Problem requirements:
Of the records that follow, copy only the lines from the line containing "Cloé Potier et" to the line containing "Euphorbia meloformis variegata", both included, exactly as written.

Dataset:
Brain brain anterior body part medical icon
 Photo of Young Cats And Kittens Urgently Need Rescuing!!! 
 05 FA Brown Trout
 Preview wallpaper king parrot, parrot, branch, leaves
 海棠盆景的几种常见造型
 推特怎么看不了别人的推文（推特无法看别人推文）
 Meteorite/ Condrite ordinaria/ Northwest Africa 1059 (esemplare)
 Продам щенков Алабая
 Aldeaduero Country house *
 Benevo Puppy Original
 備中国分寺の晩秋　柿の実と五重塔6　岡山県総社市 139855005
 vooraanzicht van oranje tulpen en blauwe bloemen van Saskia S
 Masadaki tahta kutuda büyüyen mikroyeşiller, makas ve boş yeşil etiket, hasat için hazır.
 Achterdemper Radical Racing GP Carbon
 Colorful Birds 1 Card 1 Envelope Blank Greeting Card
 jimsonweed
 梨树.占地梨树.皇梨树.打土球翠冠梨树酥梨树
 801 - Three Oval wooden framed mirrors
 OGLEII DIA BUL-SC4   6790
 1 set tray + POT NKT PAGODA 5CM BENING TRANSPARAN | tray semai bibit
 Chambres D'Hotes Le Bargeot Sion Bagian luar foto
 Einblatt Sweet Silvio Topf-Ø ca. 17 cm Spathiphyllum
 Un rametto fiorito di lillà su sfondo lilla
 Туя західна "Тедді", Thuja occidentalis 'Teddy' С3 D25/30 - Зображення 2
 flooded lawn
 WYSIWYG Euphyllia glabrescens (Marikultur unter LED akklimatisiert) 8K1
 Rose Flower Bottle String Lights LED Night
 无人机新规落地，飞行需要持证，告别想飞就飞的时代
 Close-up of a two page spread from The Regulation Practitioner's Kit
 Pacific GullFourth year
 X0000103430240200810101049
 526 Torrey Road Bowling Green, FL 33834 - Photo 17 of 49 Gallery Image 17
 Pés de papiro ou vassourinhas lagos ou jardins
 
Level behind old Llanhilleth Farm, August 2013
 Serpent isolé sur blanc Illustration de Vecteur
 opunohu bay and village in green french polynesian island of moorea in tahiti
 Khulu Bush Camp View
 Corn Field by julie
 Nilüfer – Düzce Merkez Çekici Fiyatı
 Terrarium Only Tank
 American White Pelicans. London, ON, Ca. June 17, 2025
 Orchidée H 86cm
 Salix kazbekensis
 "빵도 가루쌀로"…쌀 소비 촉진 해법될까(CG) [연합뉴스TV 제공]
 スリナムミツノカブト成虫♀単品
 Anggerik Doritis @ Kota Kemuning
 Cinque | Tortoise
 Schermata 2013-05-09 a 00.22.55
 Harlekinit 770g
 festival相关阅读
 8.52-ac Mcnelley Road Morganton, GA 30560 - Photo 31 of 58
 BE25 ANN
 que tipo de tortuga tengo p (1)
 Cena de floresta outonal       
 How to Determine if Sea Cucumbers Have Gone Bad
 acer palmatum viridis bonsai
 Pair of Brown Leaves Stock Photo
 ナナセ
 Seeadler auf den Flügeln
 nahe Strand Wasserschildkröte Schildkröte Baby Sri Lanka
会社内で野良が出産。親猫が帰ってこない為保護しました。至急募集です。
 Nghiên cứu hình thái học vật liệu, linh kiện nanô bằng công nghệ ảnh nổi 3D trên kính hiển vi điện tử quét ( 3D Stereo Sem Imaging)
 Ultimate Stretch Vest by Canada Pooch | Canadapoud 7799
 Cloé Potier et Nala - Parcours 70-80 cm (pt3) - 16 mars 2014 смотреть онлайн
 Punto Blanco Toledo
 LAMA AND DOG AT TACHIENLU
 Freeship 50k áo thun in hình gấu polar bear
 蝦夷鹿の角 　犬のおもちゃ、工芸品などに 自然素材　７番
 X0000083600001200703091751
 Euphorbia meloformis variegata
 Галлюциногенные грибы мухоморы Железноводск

Solution below:
 Cloé Potier et Nala - Parcours 70-80 cm (pt3) - 16 mars 2014 смотреть онлайн
 Punto Blanco Toledo
 LAMA AND DOG AT TACHIENLU
 Freeship 50k áo thun in hình gấu polar bear
 蝦夷鹿の角 　犬のおもちゃ、工芸品などに 自然素材　７番
 X0000083600001200703091751
 Euphorbia meloformis variegata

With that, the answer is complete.